What Are Drain Flies?
Before we get into environmentally friendly drain fly eradication strategies, let’s understand what we’re up against. Drain flies are small insects, about 1-3 mm in size, with a moth-like appearance. They are often mistaken for fruit flies due to their size and flying habits. Drain flies earned their common names because they are typically found in damp, organic-rich environments like drains, sewers, and plumbing fixtures. But in my home, with their cousins the fungus gnat, they like to hang around my indoor plants (potentially due to me over-loving them with water).

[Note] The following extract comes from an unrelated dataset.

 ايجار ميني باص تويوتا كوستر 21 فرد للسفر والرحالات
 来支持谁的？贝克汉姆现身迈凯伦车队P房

What Causes Drain Flies in Our Homes?
Drain flies are attracted to moist, organic matter where they lay their eggs. Here’s what can cause them to infest your home:
- Blocked Drains: A build-up of organic material and debris in drains, particularly in rarely used drains, provides an ideal breeding ground for drain flies.

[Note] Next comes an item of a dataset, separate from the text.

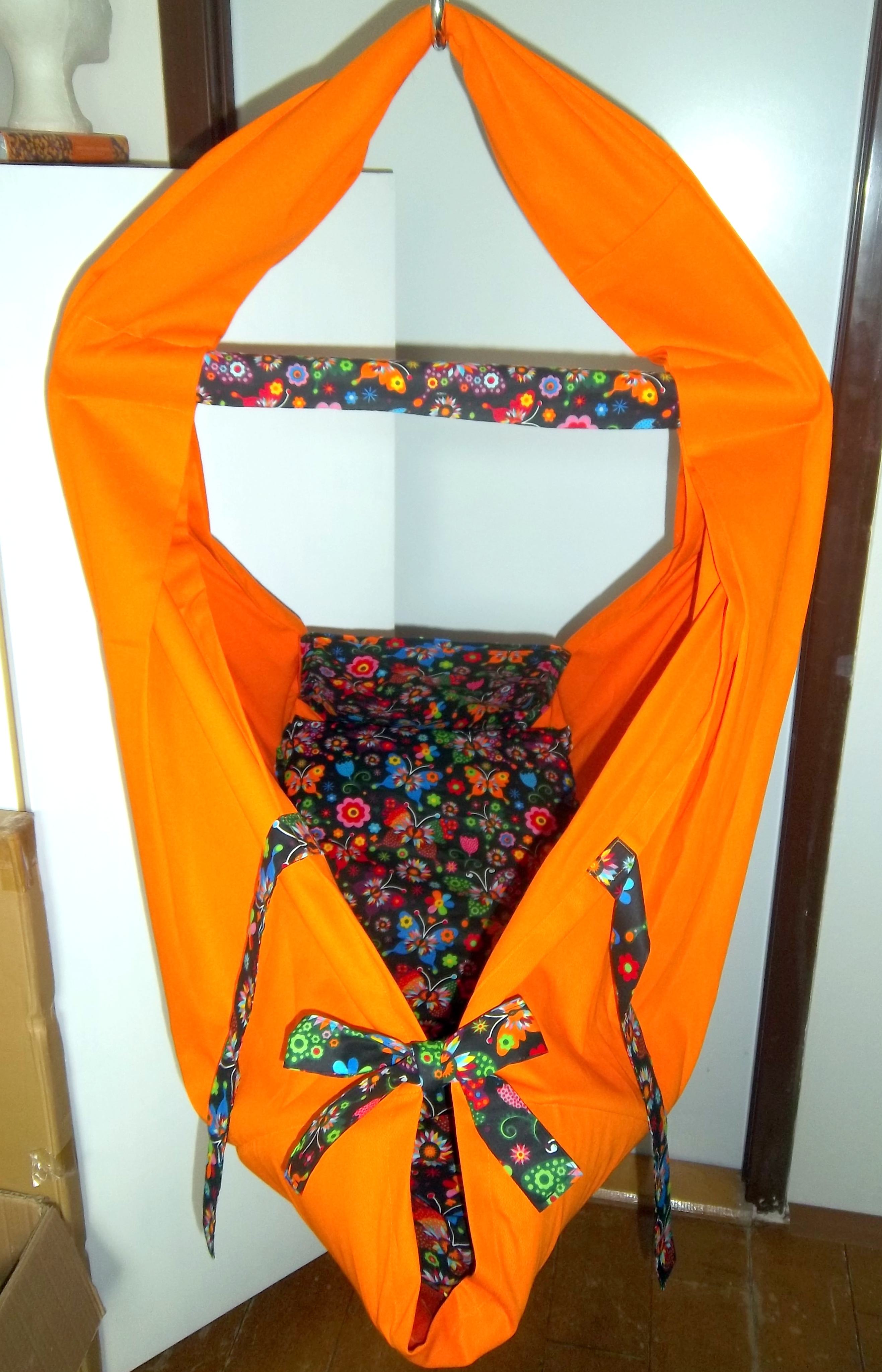 Hačka Tiki-Mechulka (miminko)  - tkanice; oranžová + duhoví motýli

- Stagnant Water: Any stagnant water source, such as unused toilets, sink overflow drains, or floor drains, can become a haven for drain fly larvae.
- Leaky Pipes: Moisture from leaky pipes creates a suitable environment for drain flies to thrive.
- Rotting Organic Material: Decomposing organic matter in your drains or sewage system serves as a food source for drain fly larvae.
Environmentally Friendly Ways to Get Rid of Drain Flies
Now that you know what drain flies are and what attracts them let’s explore some effective methods to eliminate these pesky insects from your home:
- Boiling Water: Pouring boiling water down the drains can kill larvae and adults living there. Repeat this process several times if necessary.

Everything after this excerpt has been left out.